Aside from the code smell behind it, is it thread safe?
#include <memory>
class config {};
std::shared_ptr<config> get_config() {
static std::weak_ptr<config> p;
if (!p) {
// No reference, create first instance
return p = std::make_shared<config>();
} else if (auto instance = p.lock()) {
// Alive reference
return instance;
} else {
// Expired reference, create new instance
return p = std::make_shared<config>();
}
}
I have read on the thread safety of shared_ptr
and weak_ptr
and found it a bit confusing. From what I understand they guarantee just the safety of the underlying block object and atomicity of the reference count, but it still not safe for multiple threads to modify the smart pointers themselves. This seems to be confirmed by the addition of std::atomic<std::weak_ptr<T>>
in C++20, but how could I also solve this potential issue in C++17?
Upvotes: 3
Views: 90
Reputation: 36488
No, it's not threadsafe, there's nothing to stop two threads either creating the first object or subsequently when the object needs to be recreated. std::weak_ptr
and std::shared_ptr
instances aren't threadsafe either so modifying them from multiple threads is undefined behaviour. You'll need to add a mutex to protect against this:
std::shared_ptr<config> get_config() {
static std::weak_ptr<config> p;
static std::mutex mutex;
std::unique_lock lock(mutex);
if (instance = p.lock()) {
return instance;
}
return p = std::make_shared<config>();
}
Note that the initial if (!p)
check is redundant, you can just call lock
on an empty weak_ptr
and it'll return null.
Upvotes: 2
Reputation: 27190
I would like someone to explain the different levels of thread safety behind the smart pointers and static variables, what is guaranteed by the standard, and what should be implemented by a mutex.
Forget "smart pointers and static variables" for a moment, and look at this:
if (!p) {
return p = ...
}
Nothing prevents two threads from concurrently testing p
, both finding it to effectively be false
, and both assigning a new value to p
. In your example, if *p
effectively is immutable and, is constructed from persistent, immutable data, then the worst thing that happens is, your code constructs and destroys redundant copies of it.
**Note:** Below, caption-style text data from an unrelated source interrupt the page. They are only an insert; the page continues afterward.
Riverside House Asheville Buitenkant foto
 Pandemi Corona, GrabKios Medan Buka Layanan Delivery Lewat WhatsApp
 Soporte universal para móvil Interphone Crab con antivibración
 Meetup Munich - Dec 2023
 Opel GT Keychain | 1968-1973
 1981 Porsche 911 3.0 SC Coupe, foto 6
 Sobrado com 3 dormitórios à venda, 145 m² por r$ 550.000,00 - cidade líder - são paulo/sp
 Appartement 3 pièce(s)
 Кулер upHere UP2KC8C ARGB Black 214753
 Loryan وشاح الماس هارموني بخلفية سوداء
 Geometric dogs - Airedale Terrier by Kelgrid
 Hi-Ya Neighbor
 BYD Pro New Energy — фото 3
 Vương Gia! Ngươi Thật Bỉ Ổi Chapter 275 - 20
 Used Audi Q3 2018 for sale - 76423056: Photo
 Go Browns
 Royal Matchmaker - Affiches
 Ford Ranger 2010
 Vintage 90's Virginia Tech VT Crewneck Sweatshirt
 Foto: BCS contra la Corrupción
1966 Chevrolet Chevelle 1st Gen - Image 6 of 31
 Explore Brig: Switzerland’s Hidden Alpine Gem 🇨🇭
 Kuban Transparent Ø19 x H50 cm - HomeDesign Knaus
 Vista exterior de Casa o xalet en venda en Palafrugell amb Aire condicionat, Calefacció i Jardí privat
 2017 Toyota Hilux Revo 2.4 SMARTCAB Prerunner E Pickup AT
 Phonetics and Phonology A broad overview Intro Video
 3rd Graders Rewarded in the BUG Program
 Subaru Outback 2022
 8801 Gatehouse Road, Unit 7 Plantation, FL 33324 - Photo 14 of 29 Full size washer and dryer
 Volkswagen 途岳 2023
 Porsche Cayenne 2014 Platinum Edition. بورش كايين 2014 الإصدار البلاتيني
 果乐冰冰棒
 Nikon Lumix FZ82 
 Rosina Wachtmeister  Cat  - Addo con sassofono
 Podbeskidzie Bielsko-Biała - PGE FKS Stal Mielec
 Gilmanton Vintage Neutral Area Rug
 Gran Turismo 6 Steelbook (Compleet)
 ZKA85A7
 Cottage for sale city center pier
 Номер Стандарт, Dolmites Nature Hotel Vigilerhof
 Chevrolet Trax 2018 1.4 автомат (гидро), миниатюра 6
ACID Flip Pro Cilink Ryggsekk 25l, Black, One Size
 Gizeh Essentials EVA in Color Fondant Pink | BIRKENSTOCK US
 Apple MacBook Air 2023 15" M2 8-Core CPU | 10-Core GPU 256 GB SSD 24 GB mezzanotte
But, since your question starts with a concern about the "heavy" object, that could be a problem in and of itself.
Another answer here already talks about the thread safety of smart_ptr
methods, so I won't go into that here.
P.S., This looks suspicious too, but I am not a C++ expert, so I'm not 100% sure:
if (auto instance = p.lock()) ...
My understanding of std::weak_ptr<T>::lock
—based entirely on reading this documentation page, and not at all on my experience—is that there's no point in testing its return value because it always will return a valid pointer. If the weak_ptr
was "expired" at the time of the call, then the call will default-construct a new instance and return a pointer to the new instance.
Again, since your code only ever calls the default constructor for config
anyway, and if the config represents persistent, immutable data, then the worst that happens in your program is, it's constructing and destroying redundant copies of the configuration.
Upvotes: 3
Reputation: 123114
As you correctly write in your question the thread-safety of shared_ptr
is restricted to its reference counting. Modifying the same shared_ptr
(or weak_ptr
) by two threads is not inherently thread safe and requires synchronisation. In different words from cppreference:
All member functions (including copy constructor and copy assignment) can be called by multiple threads on different shared_ptr objects without additional synchronization even if these objects are copies and share ownership of the same object. If multiple threads of execution access the same shared_ptr object without synchronization and any of those accesses uses a non-const member function of shared_ptr then a data race will occur; the
std::atomic<shared_ptr>
can be used to prevent the data race.
Note that the first part (thread-safety) is talking about different threads modifying different shared_ptr
objects that share ownership of the same object. While the second part (no thread-safety) talks about two threads calling method on the same shared pointer.
I didn't find similar explicit notes about weak_ptr
on cppreference, but the absence of a note saying it would be thread safe is enough to know it is not.
You need to synchronize modifying the same weak_ptr
from different threads. Only the initialization is thread safe, because it is a function local static variable.